Lupus is a complex systemic inflammatory disease with a broad spectrum of usually unpredictable symptoms. It is also a chronic disease that can manifest as a moderate or a devastating, life-threatening condition. When diagnosed with this autoimmune disorder, one of the ways people try to get more informed about it is by looking up recent and reliable lupus statistics.
What are the fundamental facts and numbers that people with lupus and their loved ones should know? What are the answers to the essential questions for the newly-diagnosed and long-term patients? What about the treatment options and their success? What quality of life can they expect?
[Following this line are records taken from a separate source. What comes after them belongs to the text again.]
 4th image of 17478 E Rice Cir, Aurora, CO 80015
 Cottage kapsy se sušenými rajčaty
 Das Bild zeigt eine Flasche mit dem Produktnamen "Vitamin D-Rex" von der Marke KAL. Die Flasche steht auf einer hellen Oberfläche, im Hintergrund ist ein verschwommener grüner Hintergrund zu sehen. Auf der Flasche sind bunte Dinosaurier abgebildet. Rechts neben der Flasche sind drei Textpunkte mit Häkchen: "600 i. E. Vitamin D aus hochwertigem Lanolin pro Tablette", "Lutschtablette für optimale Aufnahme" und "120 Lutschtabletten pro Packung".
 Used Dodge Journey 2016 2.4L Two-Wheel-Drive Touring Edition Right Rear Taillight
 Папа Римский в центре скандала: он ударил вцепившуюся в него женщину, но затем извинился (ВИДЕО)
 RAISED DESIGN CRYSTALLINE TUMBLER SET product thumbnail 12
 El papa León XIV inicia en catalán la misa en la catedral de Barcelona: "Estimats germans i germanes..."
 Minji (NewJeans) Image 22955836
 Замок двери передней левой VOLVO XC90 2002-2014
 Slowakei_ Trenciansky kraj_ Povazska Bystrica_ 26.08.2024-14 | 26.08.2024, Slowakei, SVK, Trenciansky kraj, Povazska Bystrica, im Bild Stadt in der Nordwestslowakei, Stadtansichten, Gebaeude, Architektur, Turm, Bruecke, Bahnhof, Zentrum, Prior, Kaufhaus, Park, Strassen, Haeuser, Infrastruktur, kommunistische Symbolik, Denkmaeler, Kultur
Here, we collected the latest facts and stats about lupus to help you get crucial information about the disease.
Top 10 Facts and Stats That People With Lupus Should Know
- North America has the highest incidence and prevalence of lupus.
- New cases of lupus recorded a 3-fold rise in recent years.
- Lupus heritability is approximately 44%
- It takes 5 years on average for a person to be diagnosed with lupus.
- Female-to-male ratio of lupus is 10–15:1 in adults and 3–5:1 in children.
- Childhood lupus accounts for around 20% of lupus cases, according to lupus statistics.
- The rate of live births in pregnant women with lupus ranges between 85% and 90%.
- 14%–52% of hospitalizations of lupus patients are due to infections.
- The 10-year average survival rate of lupus patients is over 90%.
- 54% of lupus patients are likely to take the COVID-19 vaccine.
Lupus Prevalence by Country
1. North America has the highest incidence and prevalence of lupus.
The estimated lupus prevalence and incidence in North America are 241/100,000 people and 23.2/100,000 person-years, respectively. On the other hand, the lowest incidence is reported in Africa and Australia.
2. Approximately 1.5 million Americans have lupus.
(Lupus Foundation of America)
The estimated number of people living with lupus in the US varies between one and two million, depending on which source of lupus statistics you consult.
3. The new cases of lupus recorded a 3-fold rise in recent years.
Data showed a 3-fold rise in the incidence in the previous decades (50s–90s), mainly due to improvements in diagnosing mild forms of the disease.
4. Lupus is more prevalent in urban than in rural areas.
Lupus population prevalence data shows that lifestyle and environmental factors could be responsible for this discrepancy.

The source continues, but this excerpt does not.